To fully justify this assertion, I would need to undertake a forensic analysis of the Carr period. I have neither the time nor energy to do this just at present. Instead, I want to make a few, brief, assertions.
As Premier, Mr Carr failed to articulate any form of clear direction for NSW. I have argued that this is quite hard, for NSW is now in some ways ungovernable as an entity because it lacks any form of geographic coherence. Nevertheless, as Premier you at least have to try.
Lacking any form of unifying world view that might provide coherence, Mr Carr drifted into an approach that centred on what we might call "popular" issues. This was the period that spin, the grab for an immediate response on an issue that seemed popular, became entrenched.
Mr Carr is very much a member of what we might call the Sydney soft left intellectual elite. I do not mean this in pejorative terms, although it will be clear from my own writing that I do not share those views. I am simply making a classification based upon expressed views independent of formal ALP factional considerations.
The causes that he espoused, the responses that he made, seemed to combine popular soft left causes with a populist streak that continued the NSW preoccupation with issues such as law and order: create a new national park here, build a police station there, ban this activity on environmental grounds, promote this social cause. By the end of his period, Mr Carr seemed clearly bored with the trivia and detail that inevitably goes with being a state premier.

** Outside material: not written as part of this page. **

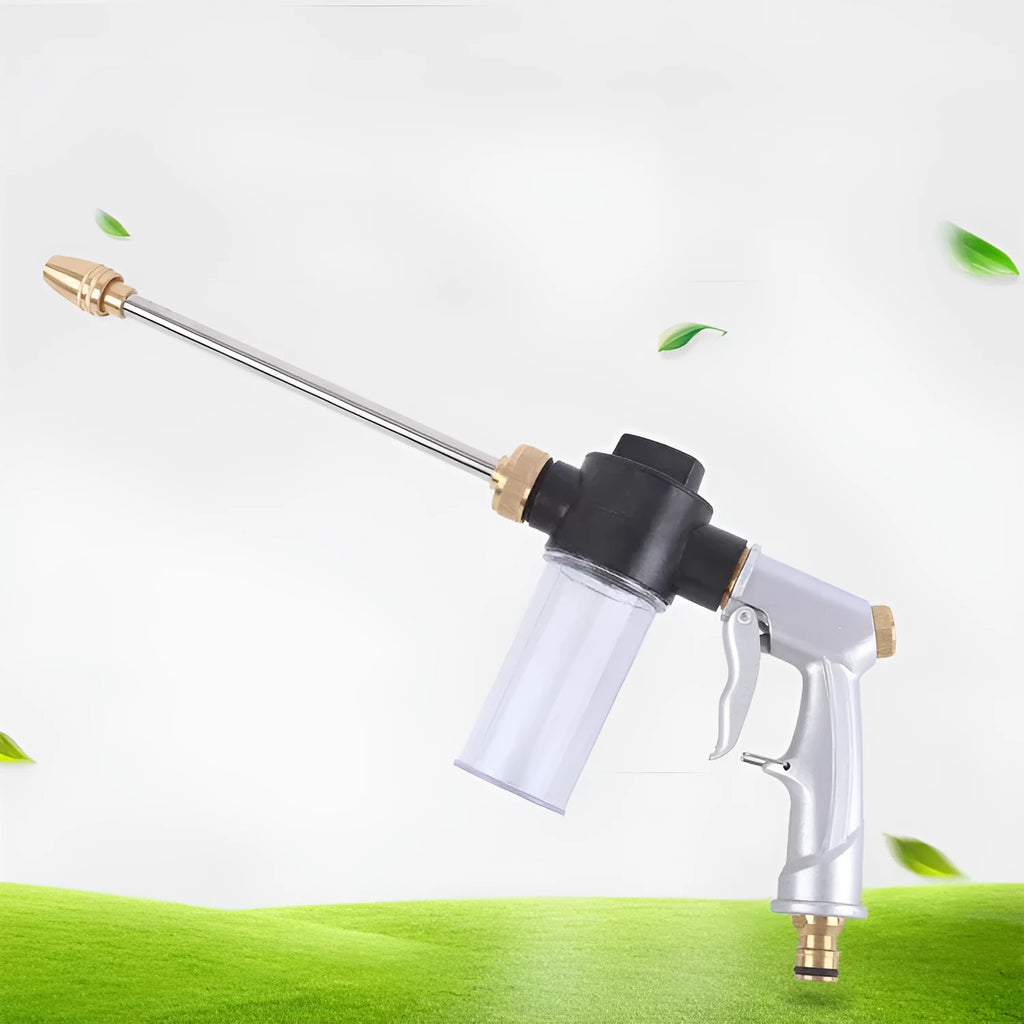 Gold high-pressure car wash water gun with copper head and aluminium alloy handle on a white background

None of this stops Mr Carr from being a very good foreign minister, although I have some reservations in that he will need to discipline his ideas and interests to do the job properly.
They are not strong reservations because of the way that the portfolio seems to impose its own disciplines upon incumbents. Along with the Treasury portfolio where a similar process happens, our Foreign Ministers seem to grow into the job. It is many years since Australia has had a "bad" foreign minister.
My real concern with Mr Carr lies in a different direction. If the opinion polls continue badly for the Government, Ms Gillard has brought into the leadership team someone who might be, in popular terms, a credible alternative to her. Now that would worry me.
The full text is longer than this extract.